» **What the exercise asks**
Copy every line of the data that contains the string "holders".

[Extracted records]
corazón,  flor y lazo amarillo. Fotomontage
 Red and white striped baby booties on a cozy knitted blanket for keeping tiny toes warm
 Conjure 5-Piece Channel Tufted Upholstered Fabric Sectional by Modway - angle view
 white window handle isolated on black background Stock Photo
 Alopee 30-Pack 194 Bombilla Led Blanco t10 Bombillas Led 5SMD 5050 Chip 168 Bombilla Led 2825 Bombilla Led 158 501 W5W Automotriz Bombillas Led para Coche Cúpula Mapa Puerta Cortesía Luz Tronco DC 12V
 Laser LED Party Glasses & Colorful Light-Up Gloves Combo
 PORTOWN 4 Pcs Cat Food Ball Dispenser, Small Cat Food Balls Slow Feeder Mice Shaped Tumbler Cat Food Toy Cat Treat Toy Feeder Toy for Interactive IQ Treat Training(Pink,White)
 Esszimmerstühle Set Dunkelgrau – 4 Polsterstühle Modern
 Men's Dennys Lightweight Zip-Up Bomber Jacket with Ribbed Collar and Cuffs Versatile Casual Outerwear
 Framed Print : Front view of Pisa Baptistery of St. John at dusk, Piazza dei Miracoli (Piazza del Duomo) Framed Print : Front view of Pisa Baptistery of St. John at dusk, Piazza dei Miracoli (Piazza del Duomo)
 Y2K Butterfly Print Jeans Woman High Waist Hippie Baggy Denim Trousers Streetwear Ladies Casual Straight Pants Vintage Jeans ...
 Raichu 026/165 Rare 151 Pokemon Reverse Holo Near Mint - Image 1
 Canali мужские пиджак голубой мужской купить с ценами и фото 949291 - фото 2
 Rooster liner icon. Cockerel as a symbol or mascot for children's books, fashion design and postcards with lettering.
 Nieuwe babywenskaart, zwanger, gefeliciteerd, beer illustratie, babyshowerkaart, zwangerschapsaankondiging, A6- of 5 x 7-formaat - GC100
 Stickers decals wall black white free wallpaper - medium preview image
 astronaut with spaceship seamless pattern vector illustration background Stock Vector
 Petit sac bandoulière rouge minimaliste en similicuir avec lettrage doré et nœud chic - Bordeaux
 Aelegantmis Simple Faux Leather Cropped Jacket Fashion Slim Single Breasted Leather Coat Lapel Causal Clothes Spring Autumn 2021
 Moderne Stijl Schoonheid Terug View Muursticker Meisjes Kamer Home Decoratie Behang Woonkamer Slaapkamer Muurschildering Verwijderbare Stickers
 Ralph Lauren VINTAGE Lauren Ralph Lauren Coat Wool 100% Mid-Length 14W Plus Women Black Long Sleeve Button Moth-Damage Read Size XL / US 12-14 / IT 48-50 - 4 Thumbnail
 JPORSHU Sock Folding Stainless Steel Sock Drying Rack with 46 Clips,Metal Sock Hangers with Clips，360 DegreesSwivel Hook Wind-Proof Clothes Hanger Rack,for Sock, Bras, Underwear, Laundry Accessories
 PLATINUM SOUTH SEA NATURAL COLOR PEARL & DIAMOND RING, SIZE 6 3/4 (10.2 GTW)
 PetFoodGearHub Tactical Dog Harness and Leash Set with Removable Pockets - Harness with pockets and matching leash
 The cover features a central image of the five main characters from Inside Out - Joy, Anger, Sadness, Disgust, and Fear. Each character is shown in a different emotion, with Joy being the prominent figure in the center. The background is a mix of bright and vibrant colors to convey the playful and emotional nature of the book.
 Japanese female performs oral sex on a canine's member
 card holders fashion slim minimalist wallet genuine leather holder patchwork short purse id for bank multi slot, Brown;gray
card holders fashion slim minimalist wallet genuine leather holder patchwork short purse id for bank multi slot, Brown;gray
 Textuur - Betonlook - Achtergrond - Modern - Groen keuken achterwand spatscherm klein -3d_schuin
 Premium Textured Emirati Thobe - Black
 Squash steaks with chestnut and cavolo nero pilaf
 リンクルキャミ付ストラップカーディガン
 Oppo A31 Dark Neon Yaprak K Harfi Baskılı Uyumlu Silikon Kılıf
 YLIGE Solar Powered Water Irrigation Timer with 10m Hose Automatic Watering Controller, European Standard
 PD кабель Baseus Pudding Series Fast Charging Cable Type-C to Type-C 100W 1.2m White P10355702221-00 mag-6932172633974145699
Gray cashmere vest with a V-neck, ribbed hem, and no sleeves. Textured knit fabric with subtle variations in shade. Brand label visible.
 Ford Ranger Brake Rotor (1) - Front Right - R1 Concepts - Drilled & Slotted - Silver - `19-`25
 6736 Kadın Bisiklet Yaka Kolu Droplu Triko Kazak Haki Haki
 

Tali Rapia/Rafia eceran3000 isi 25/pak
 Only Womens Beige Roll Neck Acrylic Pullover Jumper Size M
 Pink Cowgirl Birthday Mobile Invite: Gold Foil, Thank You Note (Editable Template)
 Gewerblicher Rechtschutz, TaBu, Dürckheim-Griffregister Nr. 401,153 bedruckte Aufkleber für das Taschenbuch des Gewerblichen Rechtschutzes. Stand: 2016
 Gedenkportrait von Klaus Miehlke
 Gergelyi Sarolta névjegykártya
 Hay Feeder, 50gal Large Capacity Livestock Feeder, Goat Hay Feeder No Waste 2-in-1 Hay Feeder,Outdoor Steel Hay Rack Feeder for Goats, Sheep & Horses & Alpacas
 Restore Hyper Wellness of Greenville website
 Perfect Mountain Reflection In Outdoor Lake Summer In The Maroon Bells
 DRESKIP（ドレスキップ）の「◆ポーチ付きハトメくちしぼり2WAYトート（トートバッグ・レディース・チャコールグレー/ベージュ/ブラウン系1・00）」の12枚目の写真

» **Answer section**
 card holders fashion slim minimalist wallet genuine leather holder patchwork short purse id for bank multi slot, Brown;gray
card holders fashion slim minimalist wallet genuine leather holder patchwork short purse id for bank multi slot, Brown;gray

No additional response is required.